- _WHAT YOU SHOULD DO_
The output should be the listing below, limited to the lines from the one with "Load image into" through the one with "LAPP ITALIA SRL", exact and without pictures.

DATASET START

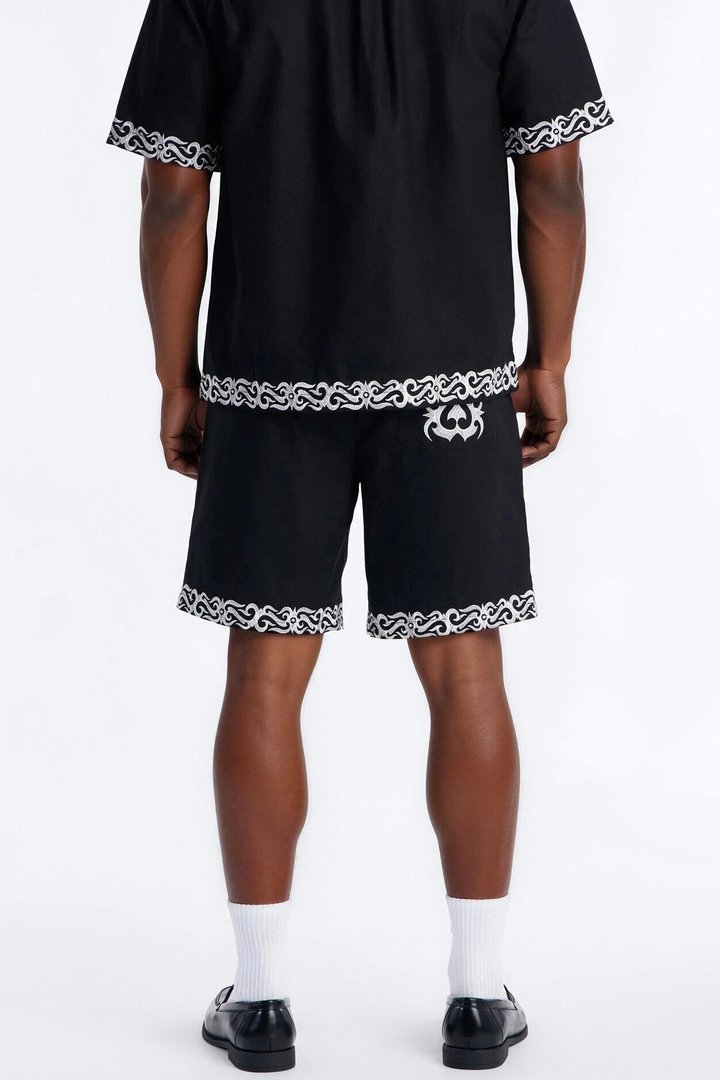Relaxed Coastal Isla Short - Black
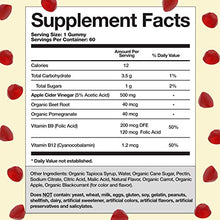 Load image into Gallery viewer, World's First Apple Cider Vinegar Gummy Vitamins by Goli Nutrition - Immunity, Detox &amp; Weight (3 Pack, 180 Count, with The Mother, Gluten-Free, Vegan, Vitamin B9, B12, Beetroot, Pomegranate)
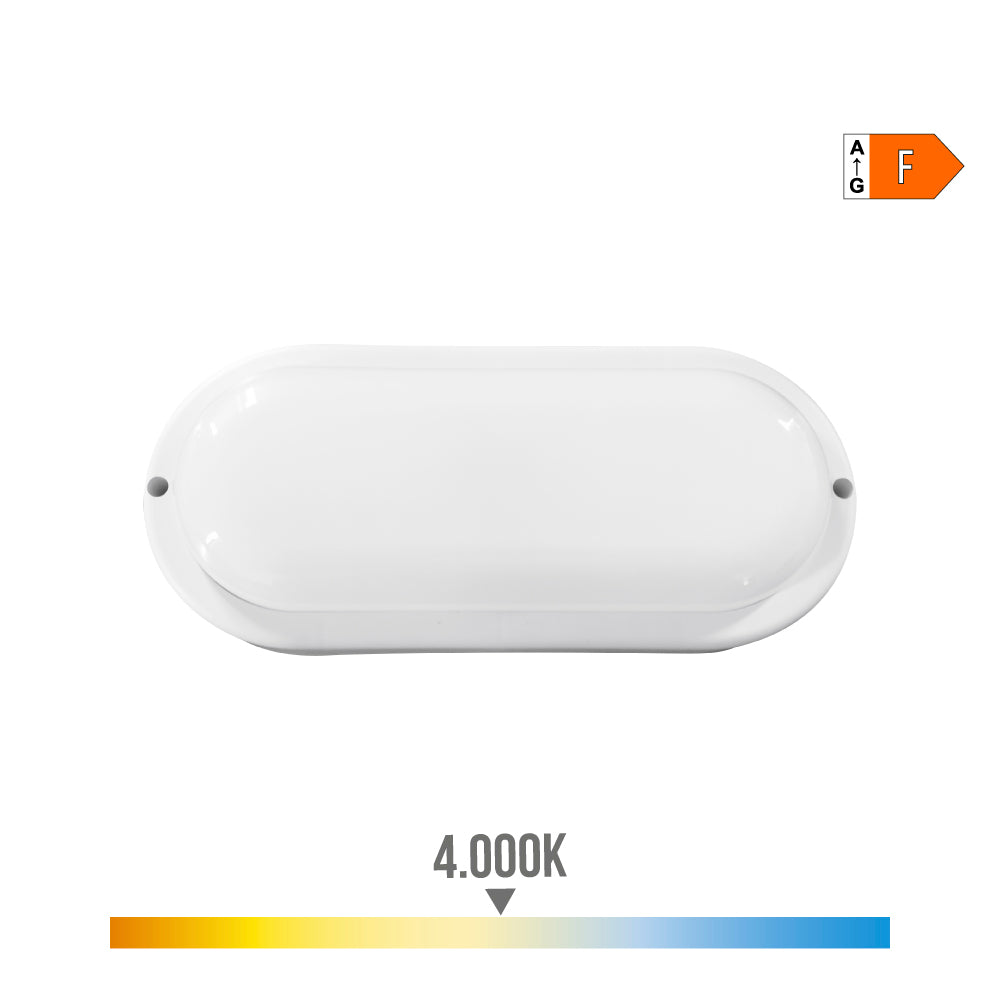 APLIQUE LED OVAL 18 W 1820 lm 4.000 K 10,2 x 4,5 x 23 cm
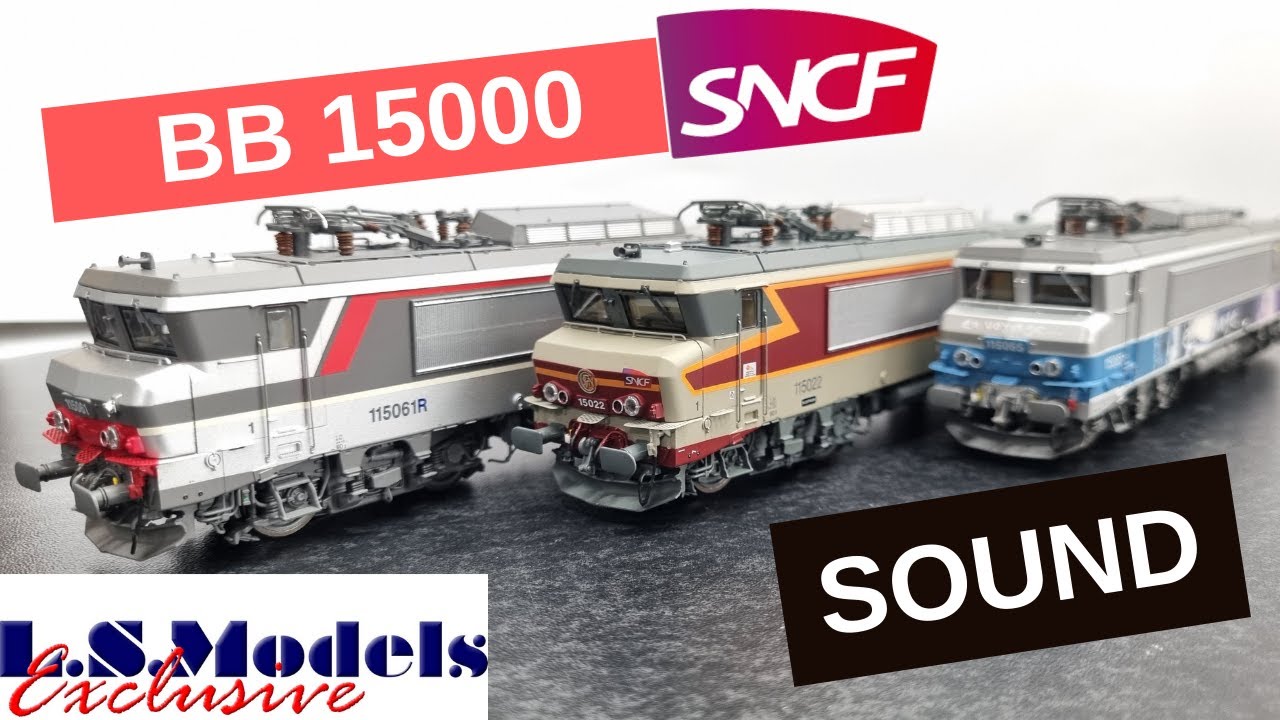 Train H0 - BB 15000 SNCF Ls Models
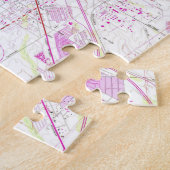 Vintage Karte von Tucson Arizona (1957) Puzzle (Seite)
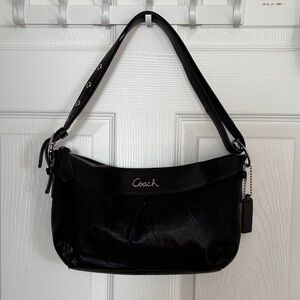 Coach Classic Black Leather Shoulder Bag
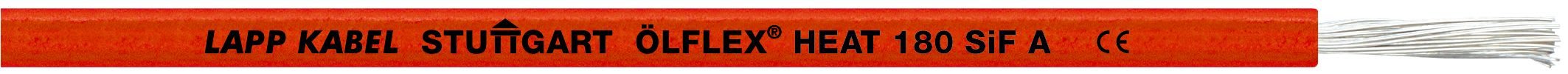 LAPP ITALIA SRL - LPP1249508 OLFLEX HEAT 180 SIF A 1X6 GNYE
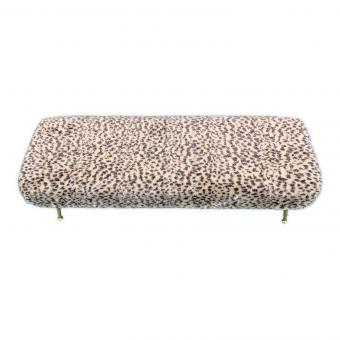 KARE (カレ) ベンチ レオパード柄 130 ブラウン デリアレオ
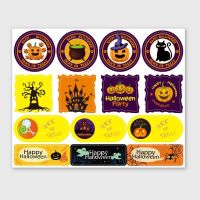 5sheets-70Pcs Pumpkin Happy Halloween Packaging Sealing Stickers Holiday Wrapping Gift Box Labels Small Business Stickers Labels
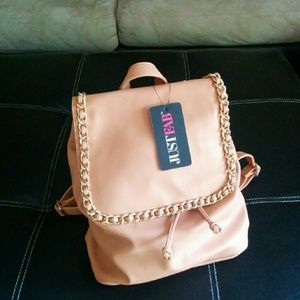 Never Used Tan Leather Backpack
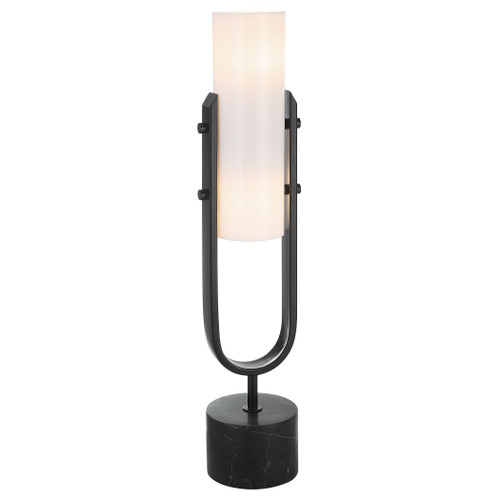 Runway Black And White Accent Table Lamp (30141-1)
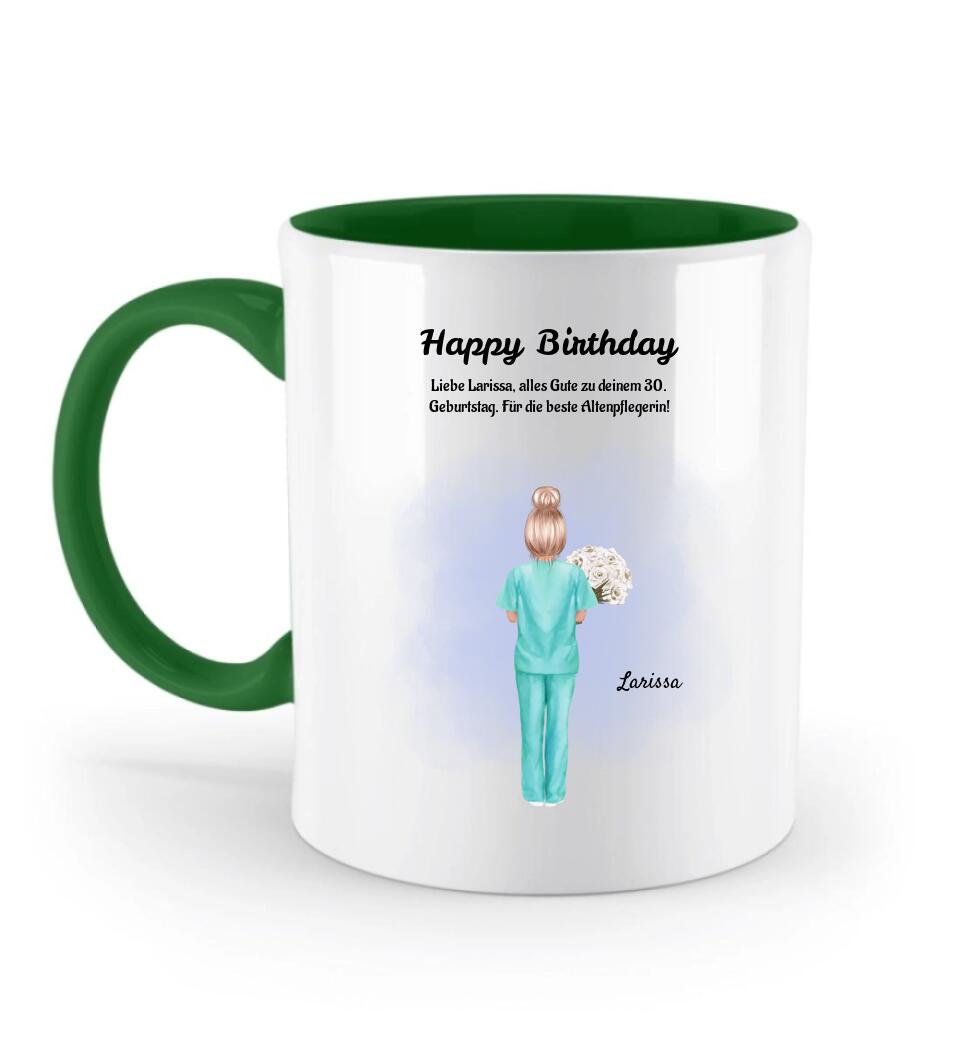 Altenpflegerin Tasse Geschenk personalisiert - Cantty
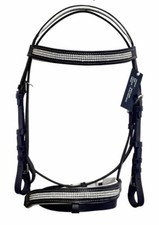 Equipride Padded Comfort Bridle with Diamante Browband Clear Crystal SALE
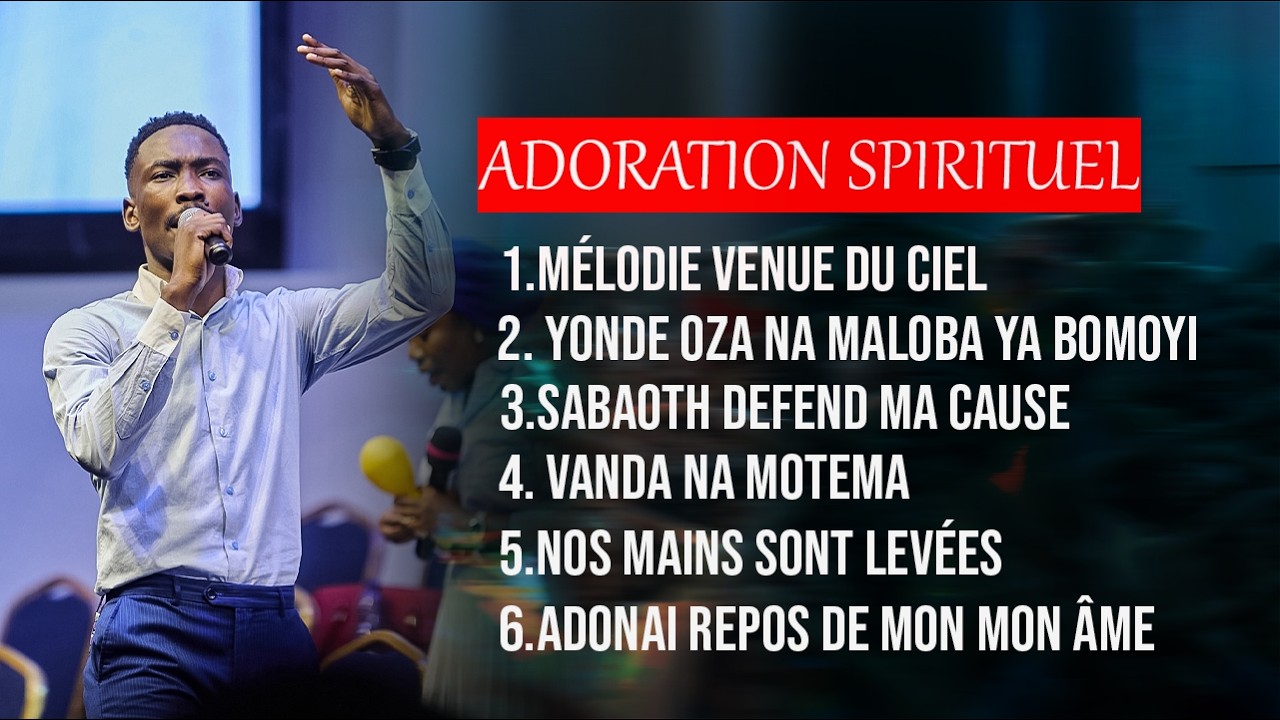 INTENSE WORSHIP / MOMENT D'ADORATION PROPHETIQUE   AVEC JARED MPONGO INTERPRETE PASTEUR MOISE MBIYE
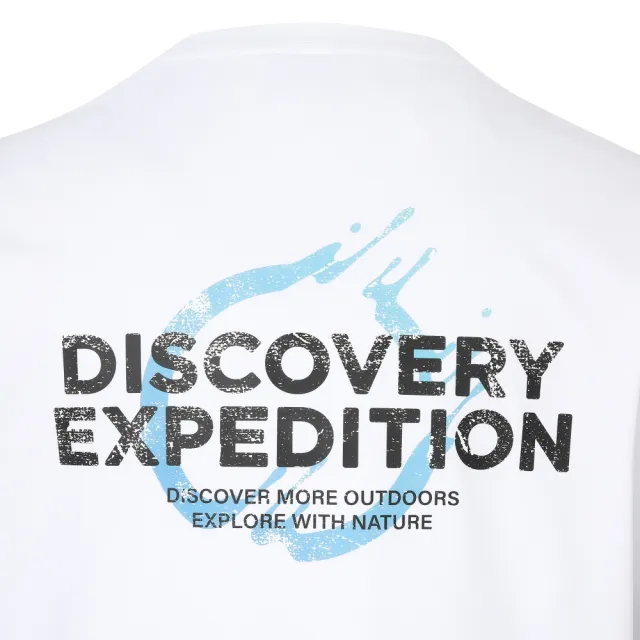 【Discovery Expedition】印花短袖上衣(DXSW74053-WHS)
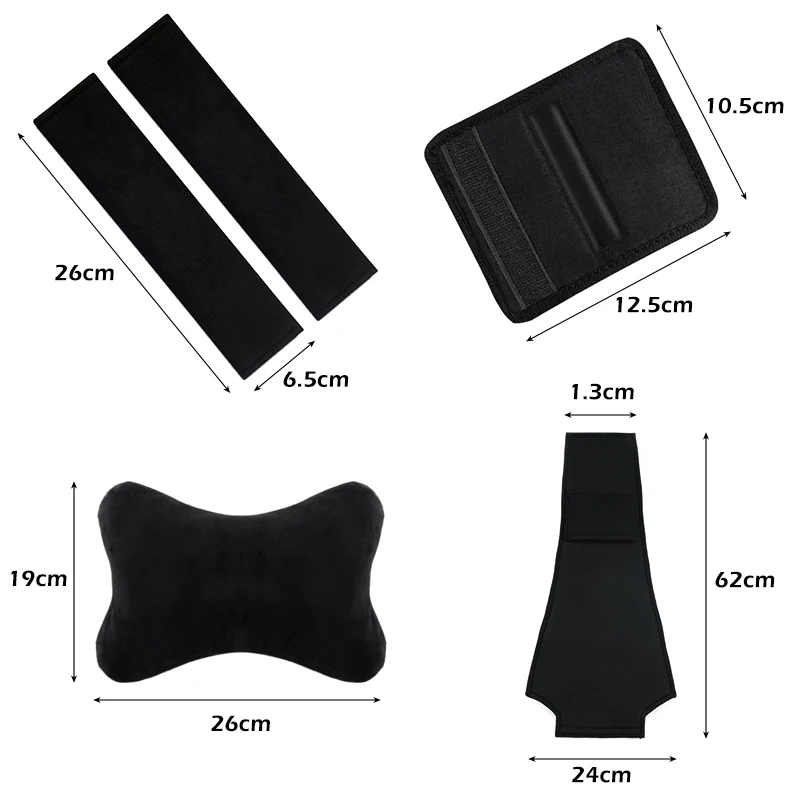 Car Head Neck Rest Pillow Car Auto Seat Headrest Pillow Pad For Honda Civic Accord Crider City XRV CRV HRV Inspire Fit Odyssey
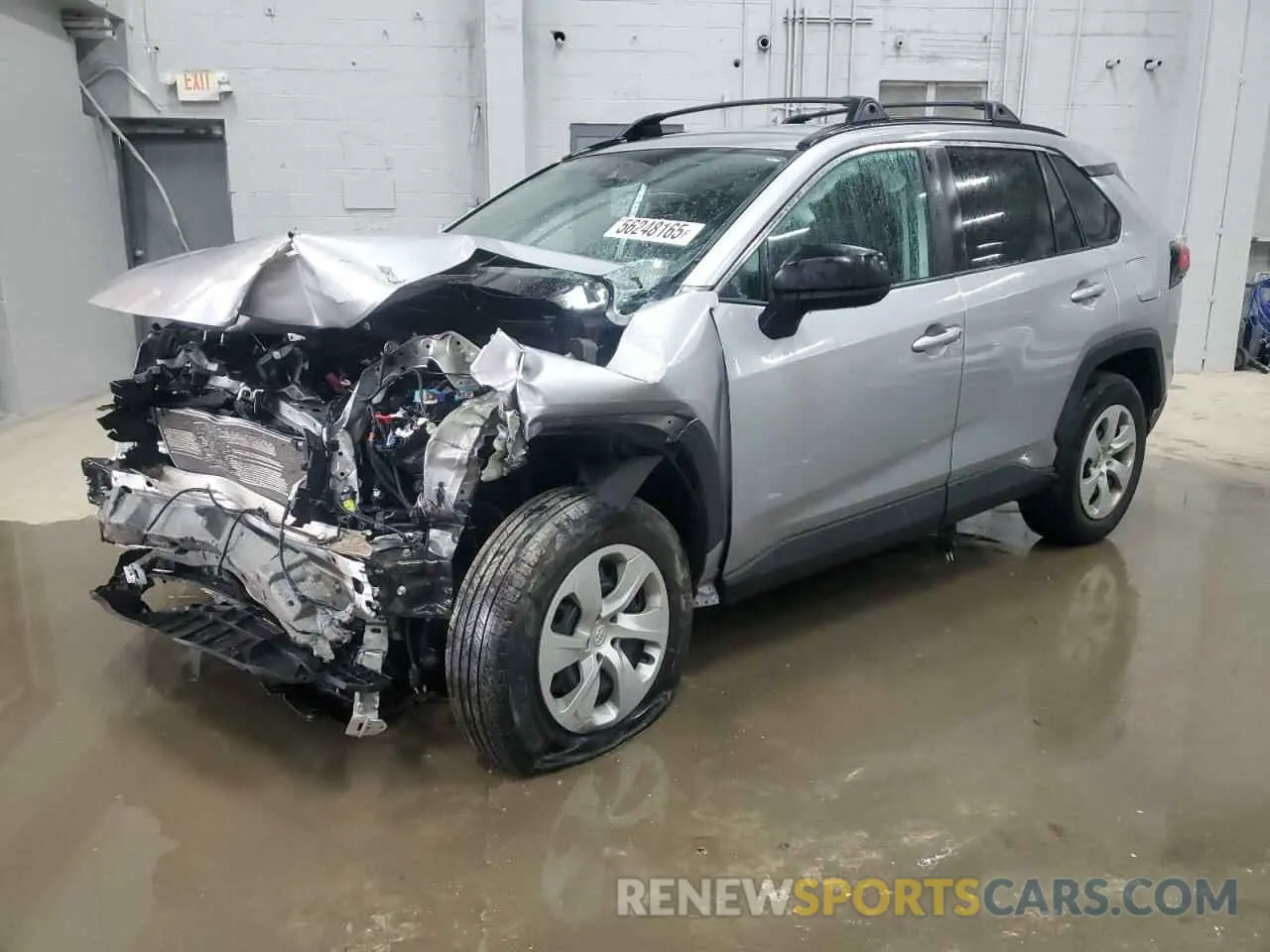 1 Photograph of a damaged car 2T3H1RFV2MC156342 TOYOTA RAV4 2021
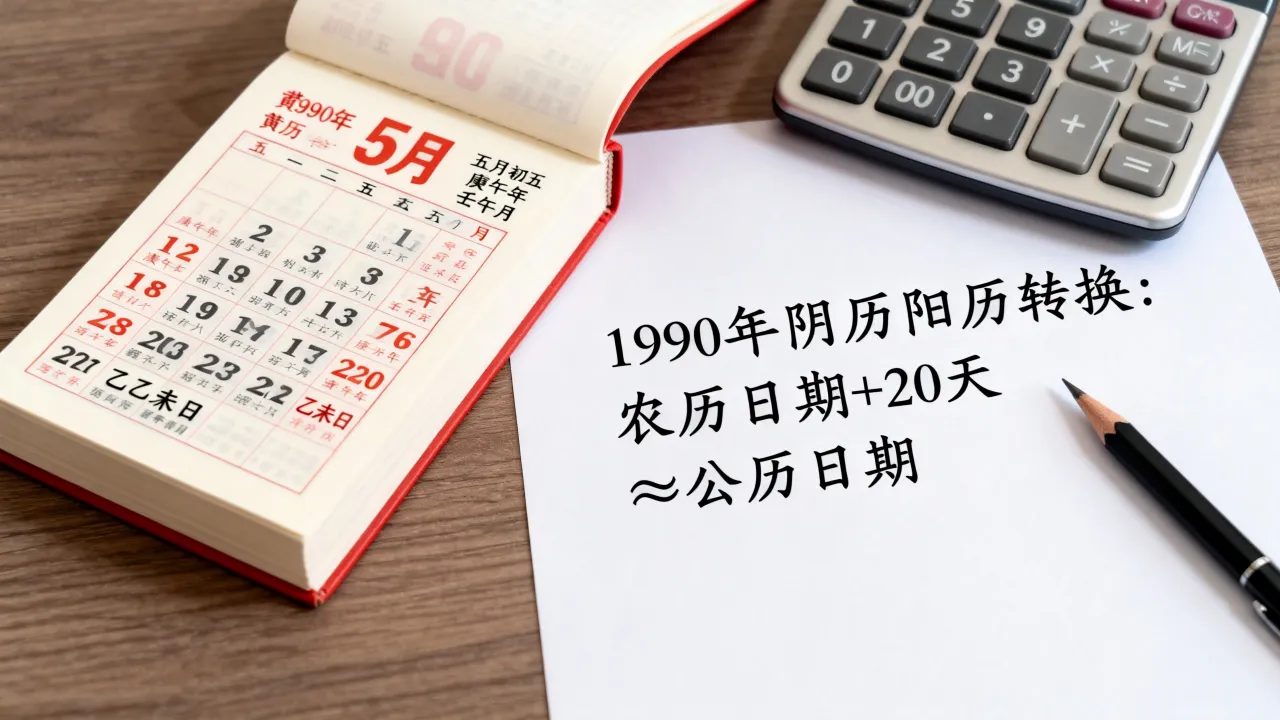 1990年阴历阳历转换怎么算？农历公历对应日期查询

DATASET END

- _PROBLEM SOLUTION_
 Load image into Gallery viewer, World's First Apple Cider Vinegar Gummy Vitamins by Goli Nutrition - Immunity, Detox &amp; Weight (3 Pack, 180 Count, with The Mother, Gluten-Free, Vegan, Vitamin B9, B12, Beetroot, Pomegranate)
 APLIQUE LED OVAL 18 W 1820 lm 4.000 K 10,2 x 4,5 x 23 cm
 Train H0 - BB 15000 SNCF Ls Models
 Vintage Karte von Tucson Arizona (1957) Puzzle (Seite)
 Coach Classic Black Leather Shoulder Bag
 LAPP ITALIA SRL - LPP1249508 OLFLEX HEAT 180 SIF A 1X6 GNYE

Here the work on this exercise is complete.